Designing each section as its own piece with several late night hours, Caroline said, “You hate your life when you are doing it and then it all comes together,” as she looked up and spread her arms out, “you say thank you.”
The Creative Clothing Workshops, led by VMFA staff, provide students with guidance and assistance in using a variety of alternative fashion materials to create one-of-a-kind works of wearable art. Along with Best in Show and Best Model, additional awards given were Best Use of Alternative Materials, Most Wearable, Best Use of Creative Construction and Best Interpretation of a Work of Art.
Caroline said she taught herself how to sew. She remembers doing paper dresses in the third grade for her Barbie dolls. Her parents gave her a sewing machine for a birthday present when she was in the seventh grade and she couldn’t understand why. It was when she was in the eighth grade that she finally realized why.
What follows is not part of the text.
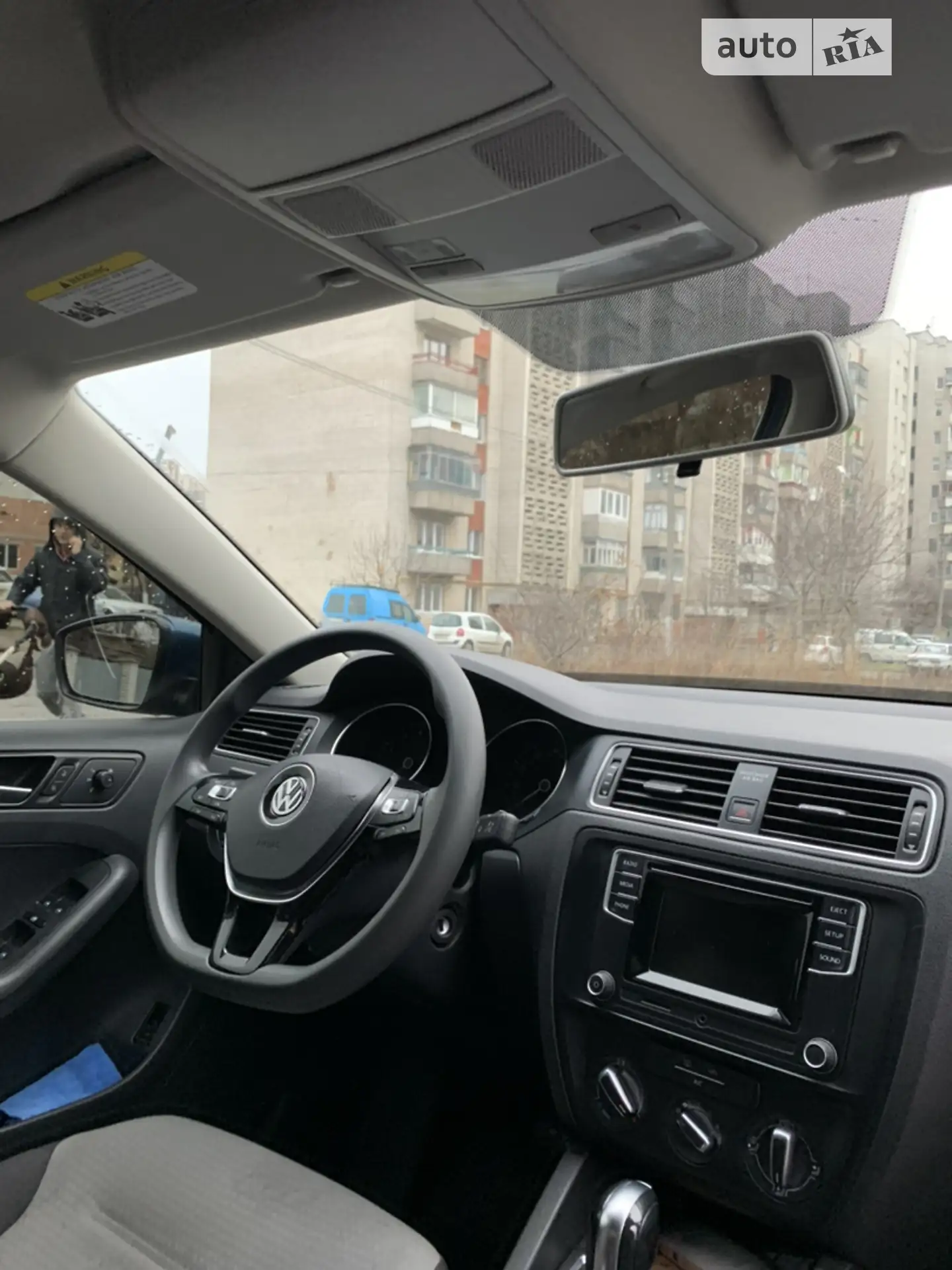 2016 Volkswagen Jetta - мініатюра 13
She made her first skirt without a pattern. Even though she was helped to use a pattern by her neighbor, Mrs. Peterson, she continues to design by making her own patterns out of muslin cloth. During her sophomore year, Caroline sold her first line of skirts to a boutique in Carytown. The boutique, Heidi Story, is where she also took sewing lessons.
Her parents, Barbara and Steve Smith, are very excited and supportive of her passion.
“I think it is absolutely fantastic,” Barbara said of Caroline’s win. “She puts a lot of pressure on herself, but I knew she would pull it together.” Barbara Smith said the snow the area received in December, which postponed the event, allowed the young designers to enjoy the show in January.
“With the show being during exam week her [Caroline] first priorities are her academics. The snowfall was a gift,” Barbara said. “They really were able to enjoy the show last week because they weren’t on crunch time. All the pieces were much more finished.”
Smith’s focus now is to put together a good portfolio to submit to a design school for acceptance. Her dream school is Parsons School of Design, but she listed several others that would work, including Virginia Commonwealth University, which she said is the No. 1 public art school in the country.